I have the following in items.py
import scrapy
from scrapy.loader import ItemLoader
from scrapy.loader.processors import MapCompose
from urlparse import urljoin
def convert_to_baseurl(url, loader_context):
response = loader_context.get('response')
return urljoin(url, response)
class Item(scrapy.Item):
url = scrapy.Field(
input_processor=MapCompose(convert_to_baseurl)
)
And the following in my spider
class webscraper(scrapy.Spider):
name = "spider"
def start_requests(self):
yield scrapy.Request(url=url, callback=self.parse)
def parse(self, response):
for entry in response.css('li.aanbodEntry'):
loader = ItemLoader(item=Huis(), selector=entry)
loader.add_css('url', 'a')
yield loader.load_item()
Upvotes: 1
Views: 880
Reputation: 28256
The _urljoin()
in the answer you referenced is a function written by the OP, and it has a different signature than the one in the stdlib.

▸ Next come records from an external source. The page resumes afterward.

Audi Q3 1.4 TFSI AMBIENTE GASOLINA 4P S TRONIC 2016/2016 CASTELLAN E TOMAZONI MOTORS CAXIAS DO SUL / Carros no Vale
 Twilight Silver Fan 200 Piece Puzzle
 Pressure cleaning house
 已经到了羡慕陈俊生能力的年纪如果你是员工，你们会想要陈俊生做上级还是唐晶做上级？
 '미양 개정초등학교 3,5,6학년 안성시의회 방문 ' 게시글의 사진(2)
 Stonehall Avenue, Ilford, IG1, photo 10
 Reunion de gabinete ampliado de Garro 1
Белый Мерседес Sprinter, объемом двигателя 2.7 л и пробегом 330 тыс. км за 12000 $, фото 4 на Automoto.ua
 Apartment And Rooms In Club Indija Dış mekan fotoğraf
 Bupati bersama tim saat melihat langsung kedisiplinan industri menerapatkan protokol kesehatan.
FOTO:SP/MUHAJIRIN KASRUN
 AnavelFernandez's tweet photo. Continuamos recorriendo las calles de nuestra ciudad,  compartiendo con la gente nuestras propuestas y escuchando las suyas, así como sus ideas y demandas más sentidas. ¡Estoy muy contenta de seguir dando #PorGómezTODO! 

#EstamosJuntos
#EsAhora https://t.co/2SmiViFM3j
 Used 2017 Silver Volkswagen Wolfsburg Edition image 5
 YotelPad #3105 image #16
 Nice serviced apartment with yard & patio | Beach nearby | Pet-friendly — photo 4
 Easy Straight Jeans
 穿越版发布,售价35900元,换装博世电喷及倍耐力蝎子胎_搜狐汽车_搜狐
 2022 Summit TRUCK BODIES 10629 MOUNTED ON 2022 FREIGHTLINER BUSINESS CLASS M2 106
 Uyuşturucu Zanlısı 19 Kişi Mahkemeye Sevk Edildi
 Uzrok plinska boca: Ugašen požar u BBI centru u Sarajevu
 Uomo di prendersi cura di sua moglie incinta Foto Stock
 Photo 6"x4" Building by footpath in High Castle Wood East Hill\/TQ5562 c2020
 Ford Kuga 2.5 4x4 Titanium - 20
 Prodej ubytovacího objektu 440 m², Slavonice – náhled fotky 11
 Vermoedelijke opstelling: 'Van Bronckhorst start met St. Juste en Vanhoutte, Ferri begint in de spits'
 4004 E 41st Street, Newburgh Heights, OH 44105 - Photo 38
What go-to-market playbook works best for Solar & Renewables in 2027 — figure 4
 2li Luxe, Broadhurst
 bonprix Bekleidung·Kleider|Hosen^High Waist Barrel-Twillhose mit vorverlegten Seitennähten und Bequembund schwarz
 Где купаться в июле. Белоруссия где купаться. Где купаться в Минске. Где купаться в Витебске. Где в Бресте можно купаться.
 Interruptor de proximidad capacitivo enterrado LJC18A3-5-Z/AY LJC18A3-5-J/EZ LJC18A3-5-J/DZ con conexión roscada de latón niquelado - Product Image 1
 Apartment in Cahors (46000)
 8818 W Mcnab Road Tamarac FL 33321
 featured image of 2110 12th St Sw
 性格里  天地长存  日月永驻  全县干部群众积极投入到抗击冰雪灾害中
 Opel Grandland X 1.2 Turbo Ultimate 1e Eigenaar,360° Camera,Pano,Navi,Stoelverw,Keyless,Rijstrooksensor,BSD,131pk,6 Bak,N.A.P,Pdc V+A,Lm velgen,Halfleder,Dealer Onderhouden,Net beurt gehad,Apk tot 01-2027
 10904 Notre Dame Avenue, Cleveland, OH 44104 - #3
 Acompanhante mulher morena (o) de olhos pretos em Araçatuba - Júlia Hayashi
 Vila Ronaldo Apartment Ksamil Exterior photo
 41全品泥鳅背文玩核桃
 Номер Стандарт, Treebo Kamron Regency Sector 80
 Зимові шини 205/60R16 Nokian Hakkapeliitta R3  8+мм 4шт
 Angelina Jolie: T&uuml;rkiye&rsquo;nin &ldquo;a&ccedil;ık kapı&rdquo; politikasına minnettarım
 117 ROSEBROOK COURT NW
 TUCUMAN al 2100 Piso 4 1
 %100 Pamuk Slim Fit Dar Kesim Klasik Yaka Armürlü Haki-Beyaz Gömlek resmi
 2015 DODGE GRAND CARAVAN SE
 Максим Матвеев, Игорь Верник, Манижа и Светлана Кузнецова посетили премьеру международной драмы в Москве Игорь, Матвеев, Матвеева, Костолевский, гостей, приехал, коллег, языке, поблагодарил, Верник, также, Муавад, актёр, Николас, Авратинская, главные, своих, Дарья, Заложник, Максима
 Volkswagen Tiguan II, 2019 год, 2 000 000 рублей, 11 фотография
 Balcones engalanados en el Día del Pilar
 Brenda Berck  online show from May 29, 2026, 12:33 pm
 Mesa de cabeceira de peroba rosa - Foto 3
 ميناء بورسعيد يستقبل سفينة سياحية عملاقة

The correct way to use the stdlib urljoin()
would be:
return urljoin(response.url, url)
There is no need to use that however, since you can use Response.urljoin() :
def absolute_url(url, loader_context):
return loader_context['response'].urljoin(url)
For the response to be accessible through the context
attribute, you need to pass it as an argument when creating the item loader, or use a different method mentioned in item loader docs:
loader = ItemLoader(item=Huis(), selector=entry, response=response)
Upvotes: 4